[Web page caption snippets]
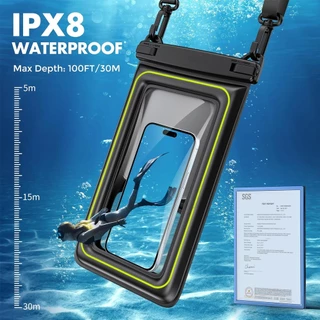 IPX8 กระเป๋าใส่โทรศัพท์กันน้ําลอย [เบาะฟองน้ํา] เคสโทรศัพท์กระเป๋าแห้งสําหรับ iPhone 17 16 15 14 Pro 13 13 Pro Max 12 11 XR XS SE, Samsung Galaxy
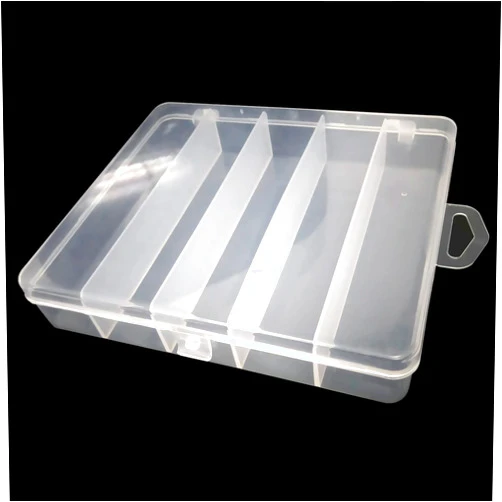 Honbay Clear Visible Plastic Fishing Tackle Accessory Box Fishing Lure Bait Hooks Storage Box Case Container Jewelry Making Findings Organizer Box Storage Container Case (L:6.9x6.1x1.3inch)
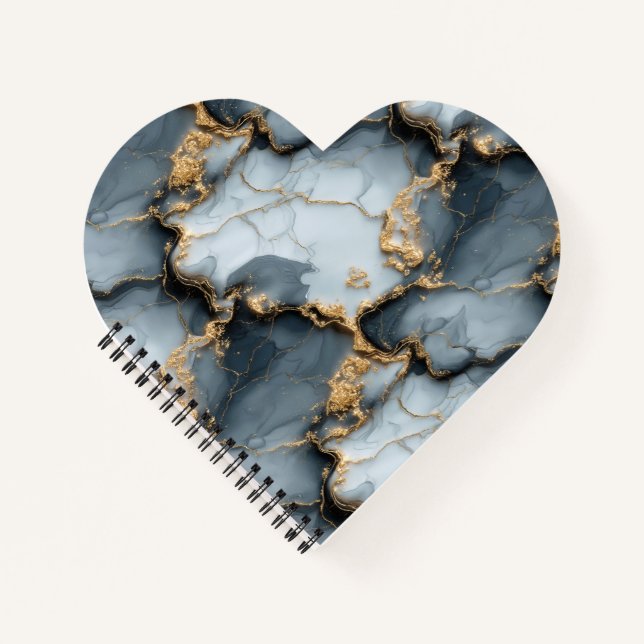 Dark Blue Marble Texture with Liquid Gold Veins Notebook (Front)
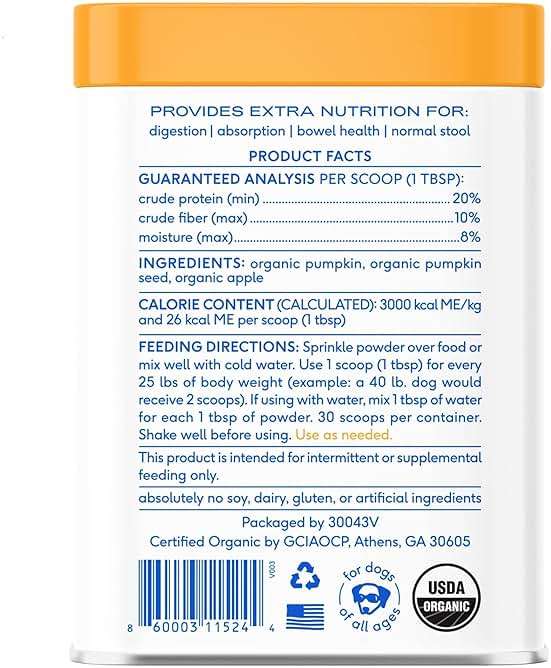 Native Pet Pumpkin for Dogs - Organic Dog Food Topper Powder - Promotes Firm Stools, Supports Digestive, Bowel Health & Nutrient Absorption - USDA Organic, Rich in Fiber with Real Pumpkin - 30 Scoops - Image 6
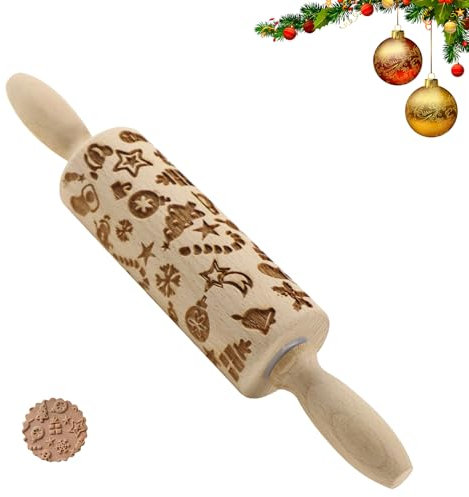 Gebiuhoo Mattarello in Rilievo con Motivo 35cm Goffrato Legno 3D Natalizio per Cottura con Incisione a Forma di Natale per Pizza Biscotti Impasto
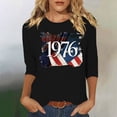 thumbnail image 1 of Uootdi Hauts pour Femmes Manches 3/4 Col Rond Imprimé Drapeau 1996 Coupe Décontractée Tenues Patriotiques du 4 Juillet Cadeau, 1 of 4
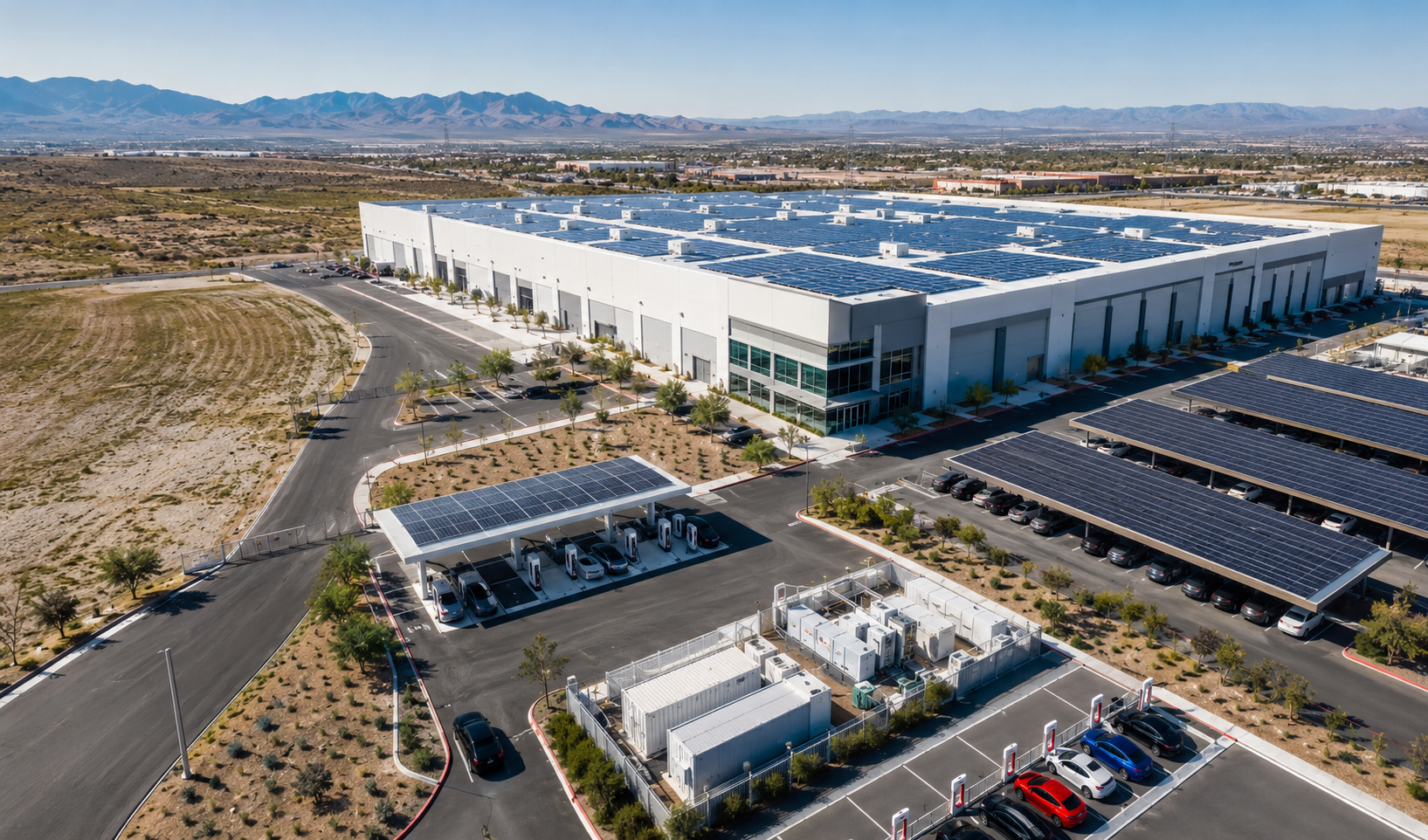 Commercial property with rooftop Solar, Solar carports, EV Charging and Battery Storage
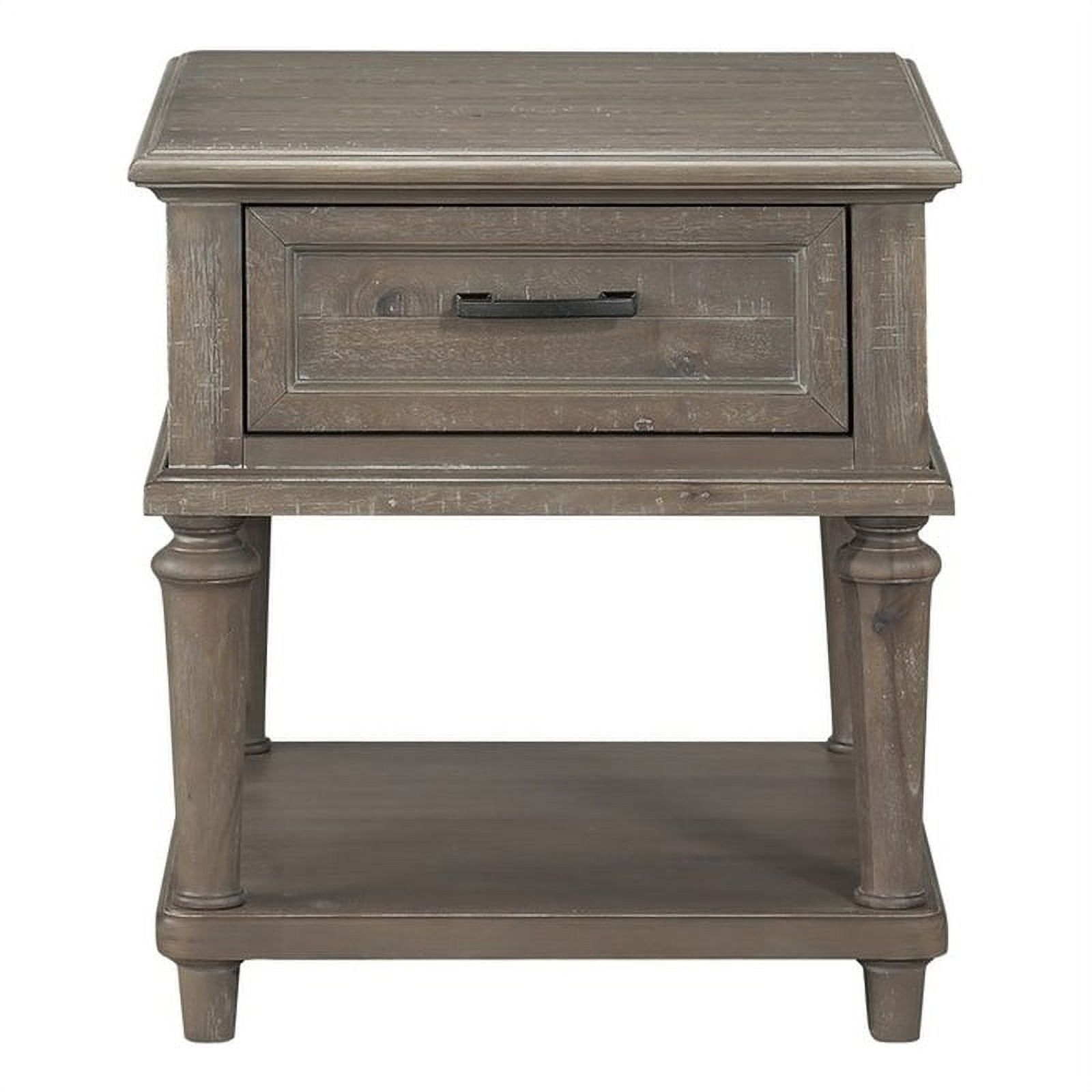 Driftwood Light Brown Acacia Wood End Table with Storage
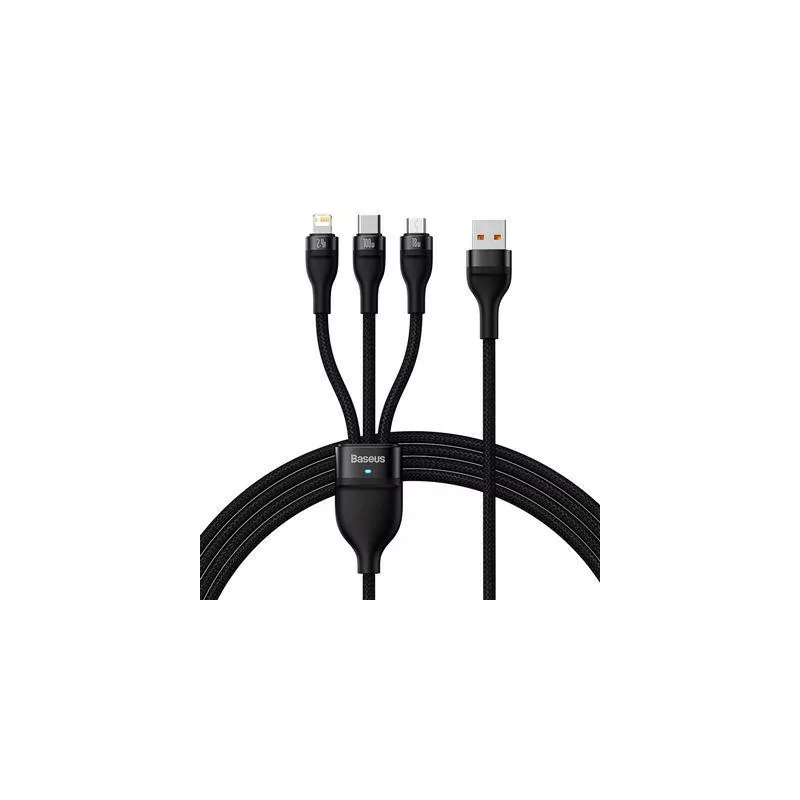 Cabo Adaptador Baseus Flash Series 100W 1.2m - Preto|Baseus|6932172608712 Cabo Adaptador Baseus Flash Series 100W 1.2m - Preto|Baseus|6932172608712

■ WORK REQUIRED
What you give back should be exactly the lines from the top of the data above down to and including the line with "Gebiuhoo Mattarello in", minus any pictures.

■ WRITTEN ANSWER
 IPX8 กระเป๋าใส่โทรศัพท์กันน้ําลอย [เบาะฟองน้ํา] เคสโทรศัพท์กระเป๋าแห้งสําหรับ iPhone 17 16 15 14 Pro 13 13 Pro Max 12 11 XR XS SE, Samsung Galaxy
 Honbay Clear Visible Plastic Fishing Tackle Accessory Box Fishing Lure Bait Hooks Storage Box Case Container Jewelry Making Findings Organizer Box Storage Container Case (L:6.9x6.1x1.3inch)
 Dark Blue Marble Texture with Liquid Gold Veins Notebook (Front)
 Native Pet Pumpkin for Dogs - Organic Dog Food Topper Powder - Promotes Firm Stools, Supports Digestive, Bowel Health & Nutrient Absorption - USDA Organic, Rich in Fiber with Real Pumpkin - 30 Scoops - Image 6
 Gebiuhoo Mattarello in Rilievo con Motivo 35cm Goffrato Legno 3D Natalizio per Cottura con Incisione a Forma di Natale per Pizza Biscotti Impasto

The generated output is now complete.